Presentation on deep learning applied to natural language processing, presented at University of Cambridge Machine Learning Group's Research and Communication Club 2-11-2015 meeting.
꧁❤ Aerocity Call Girls Service Aerocity Delhi ❤꧂ 9999965857 ☎️ Hard And Sexy ...

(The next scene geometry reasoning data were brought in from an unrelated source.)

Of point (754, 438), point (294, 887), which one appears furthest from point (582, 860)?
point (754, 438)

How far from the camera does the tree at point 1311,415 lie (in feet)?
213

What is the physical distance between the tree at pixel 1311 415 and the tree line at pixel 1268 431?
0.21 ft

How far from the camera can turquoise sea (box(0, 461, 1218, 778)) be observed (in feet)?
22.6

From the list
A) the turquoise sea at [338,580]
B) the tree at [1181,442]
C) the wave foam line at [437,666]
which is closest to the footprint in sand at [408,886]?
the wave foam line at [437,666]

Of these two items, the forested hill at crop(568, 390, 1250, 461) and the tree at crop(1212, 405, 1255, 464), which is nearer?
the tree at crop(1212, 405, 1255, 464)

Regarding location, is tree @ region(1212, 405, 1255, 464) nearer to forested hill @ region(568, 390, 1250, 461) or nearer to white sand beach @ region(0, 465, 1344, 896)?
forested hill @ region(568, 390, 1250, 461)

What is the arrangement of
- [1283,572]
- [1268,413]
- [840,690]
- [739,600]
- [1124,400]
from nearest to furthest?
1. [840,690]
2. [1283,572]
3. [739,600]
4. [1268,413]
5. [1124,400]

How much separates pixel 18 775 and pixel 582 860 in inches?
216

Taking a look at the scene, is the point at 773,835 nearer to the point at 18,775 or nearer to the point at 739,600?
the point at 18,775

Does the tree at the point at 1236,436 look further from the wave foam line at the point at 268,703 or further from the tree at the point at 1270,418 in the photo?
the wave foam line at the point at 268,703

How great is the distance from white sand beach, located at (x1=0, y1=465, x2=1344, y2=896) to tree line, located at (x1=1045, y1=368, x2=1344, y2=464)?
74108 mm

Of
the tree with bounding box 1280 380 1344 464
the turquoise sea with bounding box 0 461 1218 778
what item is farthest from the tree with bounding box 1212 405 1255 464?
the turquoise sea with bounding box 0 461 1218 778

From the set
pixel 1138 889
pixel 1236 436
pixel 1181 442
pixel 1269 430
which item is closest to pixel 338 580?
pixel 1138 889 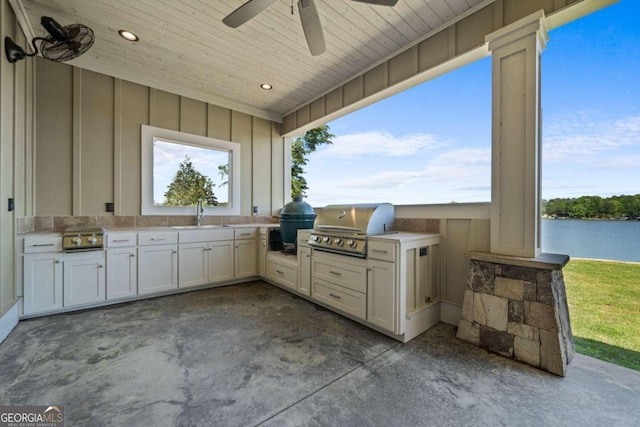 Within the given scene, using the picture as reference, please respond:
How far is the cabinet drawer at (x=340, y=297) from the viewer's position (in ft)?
8.14

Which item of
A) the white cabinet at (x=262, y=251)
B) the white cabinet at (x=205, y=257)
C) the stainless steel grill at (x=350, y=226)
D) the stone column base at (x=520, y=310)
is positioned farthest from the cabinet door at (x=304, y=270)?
the stone column base at (x=520, y=310)

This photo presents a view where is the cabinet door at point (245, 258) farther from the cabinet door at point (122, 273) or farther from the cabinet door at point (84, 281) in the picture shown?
the cabinet door at point (84, 281)

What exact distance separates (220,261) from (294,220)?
1278mm

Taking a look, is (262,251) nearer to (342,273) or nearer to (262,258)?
(262,258)

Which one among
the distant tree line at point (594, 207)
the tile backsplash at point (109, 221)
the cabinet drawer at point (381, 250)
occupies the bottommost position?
the cabinet drawer at point (381, 250)

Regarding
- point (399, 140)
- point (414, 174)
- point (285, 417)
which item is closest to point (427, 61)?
point (399, 140)

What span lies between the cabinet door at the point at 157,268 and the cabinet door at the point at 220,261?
18.1 inches

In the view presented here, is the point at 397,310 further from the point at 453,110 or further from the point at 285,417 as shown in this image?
the point at 453,110

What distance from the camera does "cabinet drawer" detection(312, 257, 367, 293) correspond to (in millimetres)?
2486

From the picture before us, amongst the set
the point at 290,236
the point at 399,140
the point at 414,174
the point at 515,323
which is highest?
the point at 399,140

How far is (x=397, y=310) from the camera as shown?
2191 mm

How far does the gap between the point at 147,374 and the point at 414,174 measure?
3.14 meters

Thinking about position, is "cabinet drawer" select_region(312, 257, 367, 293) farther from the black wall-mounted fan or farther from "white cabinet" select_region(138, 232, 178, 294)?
the black wall-mounted fan

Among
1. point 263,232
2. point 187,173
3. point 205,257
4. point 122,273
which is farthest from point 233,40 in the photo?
point 122,273
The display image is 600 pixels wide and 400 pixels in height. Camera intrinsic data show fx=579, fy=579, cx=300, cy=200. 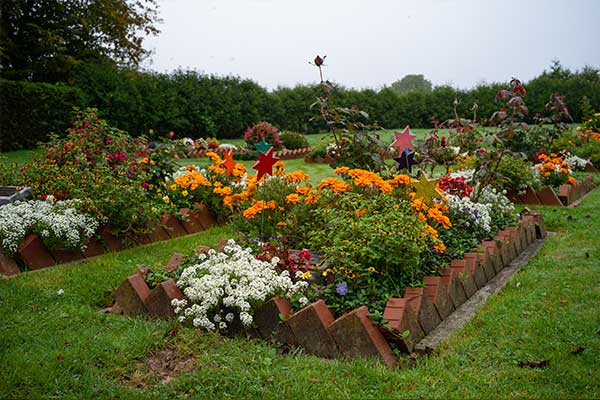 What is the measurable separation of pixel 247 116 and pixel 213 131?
6.69ft

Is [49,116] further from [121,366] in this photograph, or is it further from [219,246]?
[121,366]

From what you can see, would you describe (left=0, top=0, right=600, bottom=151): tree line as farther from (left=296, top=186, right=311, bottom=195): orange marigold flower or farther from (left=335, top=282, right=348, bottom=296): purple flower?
(left=335, top=282, right=348, bottom=296): purple flower

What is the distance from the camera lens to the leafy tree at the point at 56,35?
18.1 metres

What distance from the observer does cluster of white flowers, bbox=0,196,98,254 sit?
5.08 m

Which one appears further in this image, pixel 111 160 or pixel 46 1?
pixel 46 1

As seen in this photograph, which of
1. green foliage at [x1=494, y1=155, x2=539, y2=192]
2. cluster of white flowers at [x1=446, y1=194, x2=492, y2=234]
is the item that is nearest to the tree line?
green foliage at [x1=494, y1=155, x2=539, y2=192]

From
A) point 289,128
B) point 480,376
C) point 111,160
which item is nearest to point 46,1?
point 289,128

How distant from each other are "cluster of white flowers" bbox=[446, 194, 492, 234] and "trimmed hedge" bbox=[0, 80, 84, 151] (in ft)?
35.8

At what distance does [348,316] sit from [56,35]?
58.8 ft

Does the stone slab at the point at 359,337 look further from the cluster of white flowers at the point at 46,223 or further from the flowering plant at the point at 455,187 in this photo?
the flowering plant at the point at 455,187

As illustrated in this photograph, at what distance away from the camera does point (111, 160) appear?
705cm

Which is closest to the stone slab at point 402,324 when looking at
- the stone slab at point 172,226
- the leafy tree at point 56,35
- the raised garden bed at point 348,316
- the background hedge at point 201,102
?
the raised garden bed at point 348,316

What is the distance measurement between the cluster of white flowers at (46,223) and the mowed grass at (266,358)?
0.59m

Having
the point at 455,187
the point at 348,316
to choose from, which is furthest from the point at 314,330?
the point at 455,187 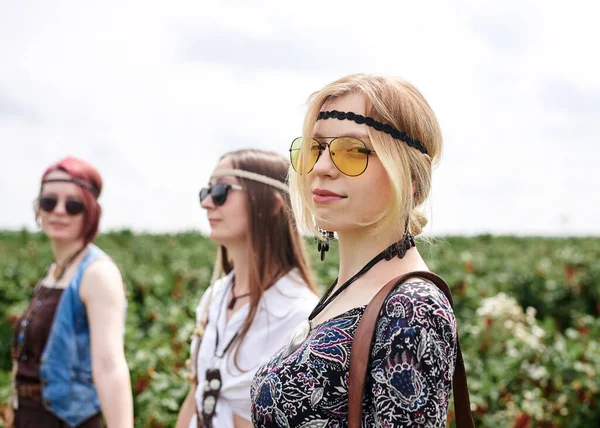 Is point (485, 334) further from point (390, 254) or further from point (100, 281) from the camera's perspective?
point (390, 254)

Detecting paraphrases using recursive autoencoders
1. Detecting Paraphrases Using Recursive Autoencoders 1
Machine Learning Group RCC
University of Cambridge
Feynman Liang
5 Nov, 2015
1
Socher et al., Dynamic Pooling and Unfolding Recursive Autoencoders for
Paraphrase Detection (NIPS 2011)
F. Liang Cambridge MLG RCC 5 Nov, 2015 1 / 39
2. Example
The judge also refused to postpone the trial date of Sept. 29.
Obus also denied a defense motion to postpone the September trial
date.
F. Liang Cambridge MLG RCC 5 Nov, 2015 2 / 39
3. Paraphrase detection problem
Given: Sentences v1:m, w1:n ∈ V∗
Task: Classify whether v1:m and w1:n are paraphrases of each other
F. Liang Cambridge MLG RCC 5 Nov, 2015 3 / 39
4. Applications
Plagarism Detection
Text Summarization
Information Retrieval
Re-examining Machine Translation Metrics for Paraphrase Identif cation
Nitin Madnani Joel Tetreault
Educational Testing Service
Princeton, NJ, USA
{ nmadnani,jtetreault} @ets.org
F. Liang Cambridge MLG RCC 5 Nov, 2015 4 / 39
7. Distributional semantics
Goal: Construct a represenation for language which captures semantic
meaning and is convenient for computation
From linguistics:
Lexical/compositional semantics: meaning through individual words
and syntactic constructions (WordNet, formal language theory)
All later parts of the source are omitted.